As I'm planning on taking part in a Best Films of the 1980s poll, I'm trying to catch up on a lot of stuff I'd missed over the years. I always overlooked the 80s as a kind of wasteland of movies, but the more I see, the more it's becoming one of my favourite, overlooked decades.
Ran: I watched this years ago, and was bored to tears, but that was back when I had little tolerance for anything more than 3-4 years old, foreign, or slow-paced. Coming back to it now is like a revelation. Ran is Akira Kurosawa's beautiful, sorrowful take on King Lear. An aging Lord, Hidetora, divides up his kingdom amongst his three sons, and then stands back and watches as they turn on one another.
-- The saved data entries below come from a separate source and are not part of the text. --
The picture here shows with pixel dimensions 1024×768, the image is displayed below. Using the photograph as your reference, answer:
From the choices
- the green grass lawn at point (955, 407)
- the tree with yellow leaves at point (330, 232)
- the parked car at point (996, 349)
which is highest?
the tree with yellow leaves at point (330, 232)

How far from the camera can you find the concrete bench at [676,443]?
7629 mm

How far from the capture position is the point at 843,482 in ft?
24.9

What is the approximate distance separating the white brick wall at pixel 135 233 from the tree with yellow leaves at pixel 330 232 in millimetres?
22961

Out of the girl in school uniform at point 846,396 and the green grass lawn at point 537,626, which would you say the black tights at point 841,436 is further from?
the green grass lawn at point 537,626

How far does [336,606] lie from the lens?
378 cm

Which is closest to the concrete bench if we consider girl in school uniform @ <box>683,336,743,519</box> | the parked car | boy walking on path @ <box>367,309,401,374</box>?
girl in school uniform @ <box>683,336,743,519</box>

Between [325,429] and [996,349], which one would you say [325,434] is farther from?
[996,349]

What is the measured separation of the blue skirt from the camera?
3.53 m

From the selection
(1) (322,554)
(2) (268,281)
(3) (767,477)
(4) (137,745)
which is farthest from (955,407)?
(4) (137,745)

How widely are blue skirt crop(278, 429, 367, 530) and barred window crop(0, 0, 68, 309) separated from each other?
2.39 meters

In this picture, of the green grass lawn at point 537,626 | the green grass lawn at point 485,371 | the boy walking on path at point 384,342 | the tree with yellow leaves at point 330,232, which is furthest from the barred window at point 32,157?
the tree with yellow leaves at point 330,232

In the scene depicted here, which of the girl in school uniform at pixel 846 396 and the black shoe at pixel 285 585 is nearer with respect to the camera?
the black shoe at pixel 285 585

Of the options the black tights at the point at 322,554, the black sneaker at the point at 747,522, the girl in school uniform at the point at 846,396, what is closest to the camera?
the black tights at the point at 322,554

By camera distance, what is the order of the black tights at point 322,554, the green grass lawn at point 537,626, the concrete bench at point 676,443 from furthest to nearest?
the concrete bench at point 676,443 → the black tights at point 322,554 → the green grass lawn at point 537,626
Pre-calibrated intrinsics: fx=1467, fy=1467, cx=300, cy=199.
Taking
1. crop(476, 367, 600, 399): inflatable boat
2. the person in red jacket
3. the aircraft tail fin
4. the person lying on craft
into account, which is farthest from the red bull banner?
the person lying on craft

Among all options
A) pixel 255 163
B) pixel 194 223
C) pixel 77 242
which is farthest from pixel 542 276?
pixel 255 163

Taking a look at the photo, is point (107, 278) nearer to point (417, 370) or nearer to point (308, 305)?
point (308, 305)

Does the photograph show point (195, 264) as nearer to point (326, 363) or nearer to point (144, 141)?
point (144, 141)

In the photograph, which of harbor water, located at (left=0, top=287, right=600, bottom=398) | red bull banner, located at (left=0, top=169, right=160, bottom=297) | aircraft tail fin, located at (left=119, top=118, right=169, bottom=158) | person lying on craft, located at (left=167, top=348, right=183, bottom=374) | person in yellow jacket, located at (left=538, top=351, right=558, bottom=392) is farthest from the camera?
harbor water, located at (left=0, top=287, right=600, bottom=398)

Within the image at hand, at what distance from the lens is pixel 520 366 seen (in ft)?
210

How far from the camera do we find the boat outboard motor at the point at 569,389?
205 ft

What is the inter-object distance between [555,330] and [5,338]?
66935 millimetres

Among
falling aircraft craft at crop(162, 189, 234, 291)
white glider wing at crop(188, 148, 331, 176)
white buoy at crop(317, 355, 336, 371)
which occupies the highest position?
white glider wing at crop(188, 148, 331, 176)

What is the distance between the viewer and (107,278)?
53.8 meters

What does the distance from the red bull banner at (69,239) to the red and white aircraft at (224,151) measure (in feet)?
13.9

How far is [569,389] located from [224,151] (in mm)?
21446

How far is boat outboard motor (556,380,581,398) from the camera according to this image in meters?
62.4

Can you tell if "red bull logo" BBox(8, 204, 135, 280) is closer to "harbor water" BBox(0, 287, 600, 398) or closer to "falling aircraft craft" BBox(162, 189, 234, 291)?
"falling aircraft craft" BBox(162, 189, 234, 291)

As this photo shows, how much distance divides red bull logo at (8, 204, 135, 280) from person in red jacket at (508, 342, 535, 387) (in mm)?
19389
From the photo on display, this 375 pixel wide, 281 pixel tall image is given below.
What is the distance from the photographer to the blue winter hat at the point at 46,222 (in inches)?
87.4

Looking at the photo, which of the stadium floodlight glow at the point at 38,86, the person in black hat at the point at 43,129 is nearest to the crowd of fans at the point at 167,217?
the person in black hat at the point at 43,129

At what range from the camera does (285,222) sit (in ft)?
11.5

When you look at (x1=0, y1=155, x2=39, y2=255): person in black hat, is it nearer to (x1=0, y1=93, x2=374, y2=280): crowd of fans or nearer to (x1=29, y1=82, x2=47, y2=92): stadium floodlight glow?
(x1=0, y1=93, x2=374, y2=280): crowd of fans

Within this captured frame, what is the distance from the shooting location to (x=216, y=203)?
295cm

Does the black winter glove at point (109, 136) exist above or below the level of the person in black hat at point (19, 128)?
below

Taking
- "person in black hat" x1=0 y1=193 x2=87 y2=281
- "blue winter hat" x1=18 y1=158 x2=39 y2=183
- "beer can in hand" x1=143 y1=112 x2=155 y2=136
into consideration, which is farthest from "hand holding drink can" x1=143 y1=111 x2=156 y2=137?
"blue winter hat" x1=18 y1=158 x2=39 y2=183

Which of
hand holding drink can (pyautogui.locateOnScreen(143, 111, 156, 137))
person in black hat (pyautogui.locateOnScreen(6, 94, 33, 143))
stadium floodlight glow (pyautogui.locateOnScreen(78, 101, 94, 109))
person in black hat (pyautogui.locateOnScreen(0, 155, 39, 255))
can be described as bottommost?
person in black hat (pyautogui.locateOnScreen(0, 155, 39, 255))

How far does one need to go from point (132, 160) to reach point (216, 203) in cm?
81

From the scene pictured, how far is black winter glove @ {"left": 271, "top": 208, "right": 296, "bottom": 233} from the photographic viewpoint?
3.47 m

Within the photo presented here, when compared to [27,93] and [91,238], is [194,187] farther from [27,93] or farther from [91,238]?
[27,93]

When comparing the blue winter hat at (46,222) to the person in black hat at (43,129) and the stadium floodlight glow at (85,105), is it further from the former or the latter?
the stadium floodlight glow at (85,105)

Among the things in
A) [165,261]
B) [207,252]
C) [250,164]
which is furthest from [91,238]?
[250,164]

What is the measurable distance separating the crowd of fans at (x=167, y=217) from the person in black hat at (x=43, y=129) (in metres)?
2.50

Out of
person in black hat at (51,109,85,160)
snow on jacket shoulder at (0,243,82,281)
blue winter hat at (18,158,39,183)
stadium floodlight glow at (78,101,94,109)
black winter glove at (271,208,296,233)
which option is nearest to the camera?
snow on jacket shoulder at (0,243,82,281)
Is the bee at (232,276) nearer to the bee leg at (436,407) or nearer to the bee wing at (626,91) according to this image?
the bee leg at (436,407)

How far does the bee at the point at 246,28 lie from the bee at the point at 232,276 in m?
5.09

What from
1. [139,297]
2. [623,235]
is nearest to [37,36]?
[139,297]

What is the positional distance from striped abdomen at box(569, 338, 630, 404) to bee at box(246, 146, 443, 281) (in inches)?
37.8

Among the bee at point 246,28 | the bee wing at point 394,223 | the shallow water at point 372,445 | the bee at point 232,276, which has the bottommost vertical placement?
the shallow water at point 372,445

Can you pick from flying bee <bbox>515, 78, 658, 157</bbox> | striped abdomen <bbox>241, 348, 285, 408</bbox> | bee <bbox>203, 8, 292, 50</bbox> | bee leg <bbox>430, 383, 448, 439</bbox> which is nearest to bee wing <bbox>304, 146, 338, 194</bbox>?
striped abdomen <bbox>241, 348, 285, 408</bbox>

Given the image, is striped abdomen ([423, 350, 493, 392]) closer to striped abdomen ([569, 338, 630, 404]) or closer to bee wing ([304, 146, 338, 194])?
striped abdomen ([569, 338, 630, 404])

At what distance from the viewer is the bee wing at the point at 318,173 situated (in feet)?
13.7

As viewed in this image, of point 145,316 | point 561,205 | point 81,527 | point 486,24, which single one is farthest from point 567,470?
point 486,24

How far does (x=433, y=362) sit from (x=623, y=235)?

What I like about Kurosawa's version is that Hidetora is no saint. You feel sorry for him, but at the same time, can't help but feel it's fate coming back on him for all the awful things he's done in his years of plunder and conquest. Kurosawa made this film at age 75 and you can't help but think that he might not have been able to make it at any other age. In the hands of a younger director, the temptation would have been to turn Hidetora into a cautionary character. But, Kurosawa understands a life fully lived, with regrets and disappointments, and Hidetora never descends into parody or morality. A fantastic movie that will rank highly amongst the best the 80s have to offer.

A Room With A View: I'll be honest, the main reasons I saw this movie were threefold: 1) It's something actually available in my terrible, terrible local video stores; 2) It was less than two hours and I really didn't want to rent anything else over two hours when I was already renting Ran; and 3) Denholm Elliott is in it (I just finished watching Indiana Jones and the Last Crusade, and forget what anyone says, Elliott steals the film as Marcus Brody, not Sean Connery). I've never been much for period/costume dramas, and was a little leery of anything Merchant & Ivory (Since the only M&I film I'd seen was Le Divorce which irritated and bored me). But, this was terriffic, a beautifully photographed love story. Young Lucy Honeychurch (a 19-year-old Helena Bonham Carter) is on vacation in Italy where she meets the free-spirited George Emerson (Julian Sands) and falls for him, but social graces and all prohibit that and she returns to England and finds herself quickly engaged to bookish Cecil (Daniel Day Lewis), but complications come up when Cecil meets the Emersons in an art gallery, and knowing nothing of their past in Italy, has them rent out a cottage just up the road from Lucy. It's a rapturous, and surprisingly funny love story. A real surprise, this will figure prominently in my list, as well.